Grande parte dos 156 pilotos da lista de demissões decidida no mês passado pela diretoria da Varig e suspensa dois dias depois era especializada nos jatos ERJ-145, da Embraer, que já não fazem mais parte da frota da Varig. "A maioria dos demitidos não voava", garante outro executivo que passou pela companhia.

Segundo ele, porém, não foi esse o principal motivo das divergências entre o grupo de executivos liderado por David Zylbersztajn e o conselho curador da FRB, presidido por Cesar Curi, que, antes de ocupar o cargo, era assessor da presidência da Varig Engenharia e Manutenção (VEM).

"A questão principal era a luta para manter o poder. Para a fundação, mais importante que salvar a empresa é preservar alguma participação. Quando viram que a solução estava próxima, mandaram representantes à TAP para tentar negociar diretamente a venda das subsidiárias", afirma o executivo, que preferiu manter o anonimato.

Mendonça de Barros confirma a resistência. "Volta e meia, ouvíamos declarações que soavam arrogantes, do tipo 'Quero ver quem vai ter coragem de deixar a Varig no chão'. Mas o que a fundação não percebe é que a empresa perde mercado a cada dia. Já teve 40% do mercado doméstico e hoje não passa de 26%. Era única a voar internacionalmente, mas a TAM e a Gol já estão nesse mercado. Tecnicamente, a Varig sempre foi uma boa companhia, mas está caminhando para um suicídio lento. Se quebrasse hoje, não teria a mesma conseqüência desastrosa", diz.

GÊNESE

Para entender o modus operandi da FRB, é preciso retornar no tempo ao ano de 1945, quando foi fundada, em plena vigência do Estado Novo de Getúlio Vargas, com a proposta revolucionária de dar aos funcionários poder decisório. Ruben Berta, então presidente da companhia, ele mesmo funcionário não acionista, propôs que a fundação fosse um meio de repartir os lucros da Varig com seus trabalhadores. Não se sabe bem como, mas ele convenceu os acionistas a doarem metade das ações para a entidade.

Com o decorrer do tempo, essa participação se ampliou para 87% do capital votante da empresa. O principal minoritário da companhia, com participação de 8%, é a Interunion, de Artur Falk, envolvido no escândalo financeiro do Papa-Tudo.

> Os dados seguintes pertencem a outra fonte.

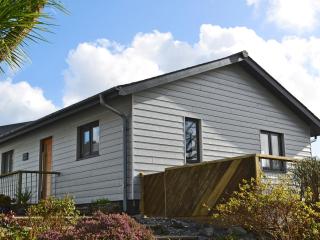 Sunny Skies - St Austell - 8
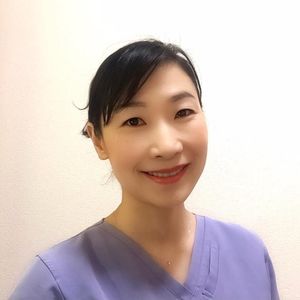 入澤安奈さんのセラピストライフ〜自宅サロンセラピスト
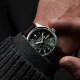Seiko 5 Sports Automatic SRPJ89K1 - thumb (1)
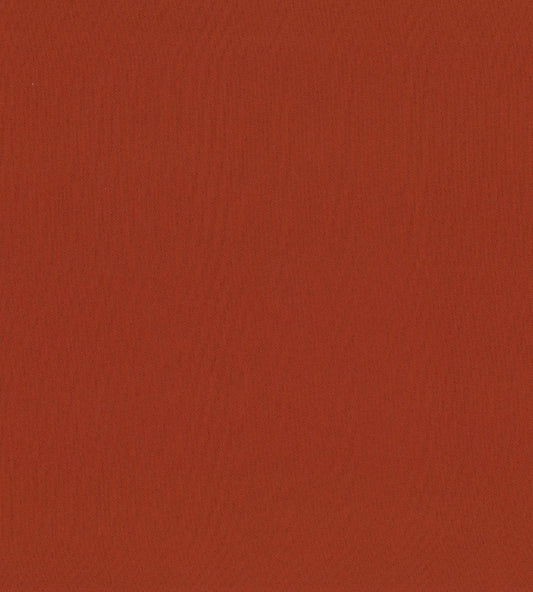 Skopos Nero N20 Henna Fire Retardant Curtains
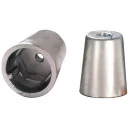 sink-for-propellmutter-o-22-25-aksel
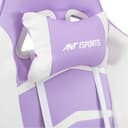 Ant Esports 9077 Ergonomic Gaming Chair view 6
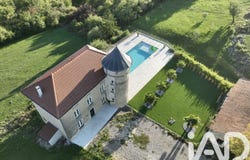 Pange, Grand Est 57530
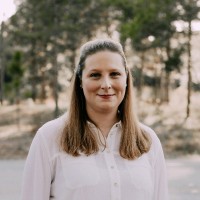 Deidre Huffman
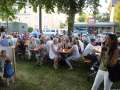 Lindau Reutin 41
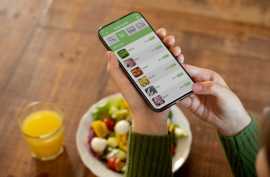 Premier Grocery Delivery App Development Company, Wilmington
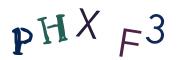 Recopier le code Captcha de l'image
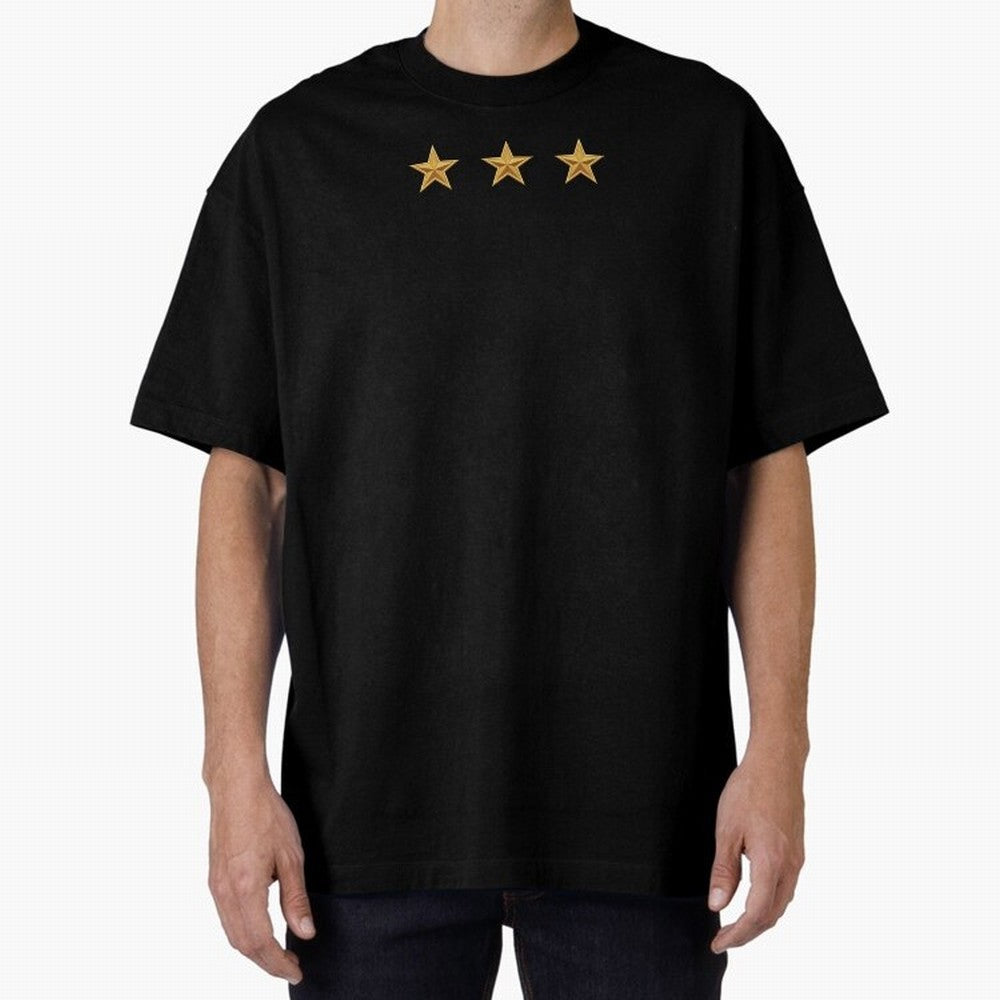 Argentina 2022 Classic T-Shirt Honor the Football Icons of the FIFA World Cup 2026 USA Canada Mexico Journey through Messi, Neymar and Mbappe Highlights, England Pride, Worldwide Fan Energy, Dramatic Goals, Stadium Lights and Championship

A mais recente intervenção da Fundação Ruben Berta afastando executivos que a própria instituição pôs no comando da empresa, teoricamente com carta branca para tocar o processo de reestruturação, foi há três semanas, quando os curadores destituíram um grupo de quatro executivos que haviam contratado seis meses antes. Além de Zylbersztajn (ex-diretor-geral da ANP), estavam Eleazar de Carvalho (ex-presidente do BNDES), Omar Carneiro da Cunha (ex-presidente da Shell) e Marcos Azambuja (ex-embaixador do Brasil na França).

Na primeira reunião para negociar o contrato, eles disseram ao quarteto que reconheciam não ter mais crédito no mercado e estavam buscando nos nomes desses profissionais um resgate da credibilidade.

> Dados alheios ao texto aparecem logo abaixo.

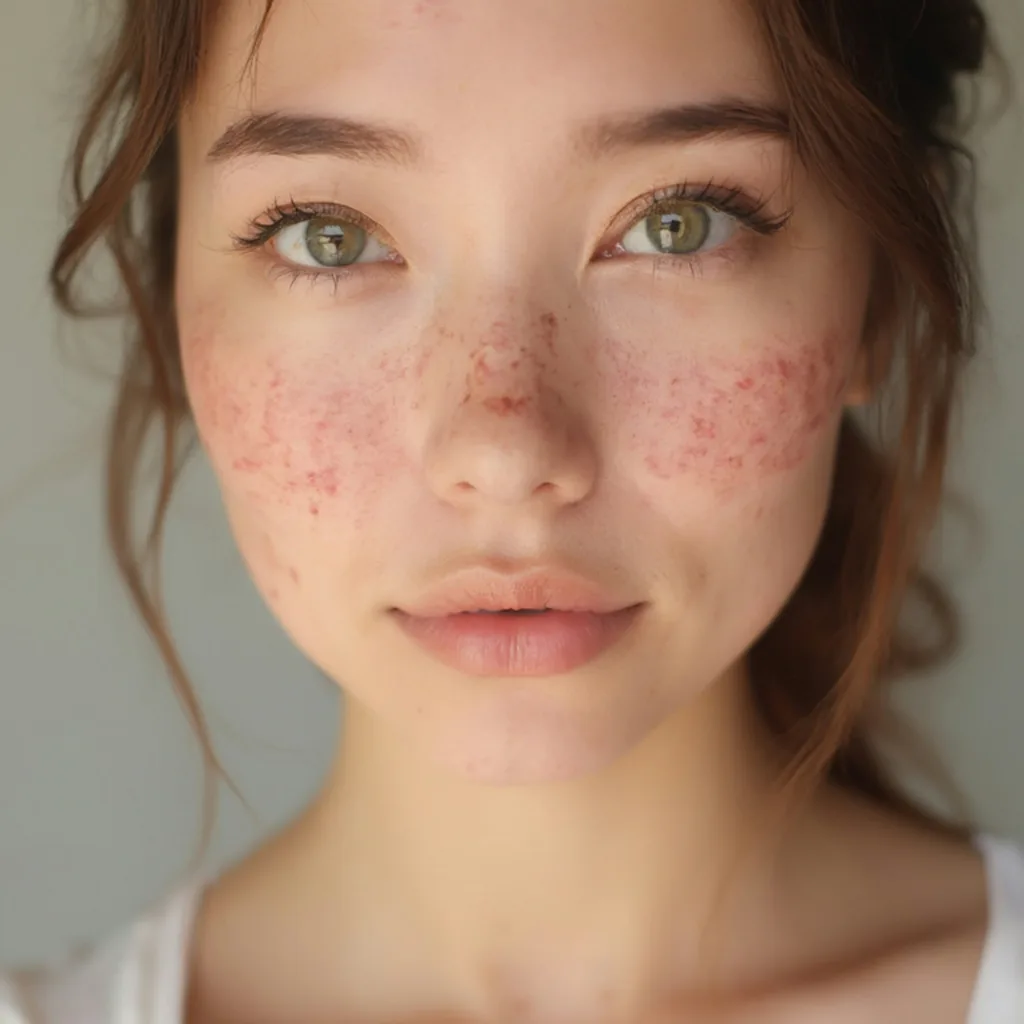 How to Get Rid of Cystic Acne: What to Expect from Professional Treatment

A demissão dos quatro executivos, dias depois de terem conseguido equacionar o pagamento de uma dívida de leasing que ultrapassava US$ 60 milhões e ameaçava de arresto mais da metade da frota da companhia, pegou o mercado e os credores de surpresa. O episódio foi logo associado ao que ocorreu em 2002, quando Arnim Lore presidia a Varig e tentava o mesmo tipo de solução: redução do quadro de pessoal, transformação de parte do endividamento em participação acionária dos credores e, principalmente, o afastamento da Fundação Ruben Berta.

"As duas histórias (de Lore e Zylbersztajn) guardam enorme semelhança. Daí a minha completa desilusão com esse modelo de gestão. O controlador não pode fazer o que está fazendo; ele deveria se afastar", diz o presidente do fundo de pensão Aerus, um dos maiores credores da Varig, Odilon Junqueira, que foi diretor-administrativo da Varig na gestão Lore.

"A fundação não pode demitir a tripulação em pleno vôo", acrescenta. A maior parte das críticas aos curadores é que não são profissionais preparados para a gestão empresarial. Todos são funcionários de segundo, terceiro e quarto escalões, sem experiência de mercado financeiro ou empresarial. "A situação era esdrúxula: nós, diretores, estávamos subordinados aos nossos subordinados. Era como se, numa sala, você seja um presidente e, ultrapassando uma porta, receba ordens da moça que serve cafezinho", conta um executivo.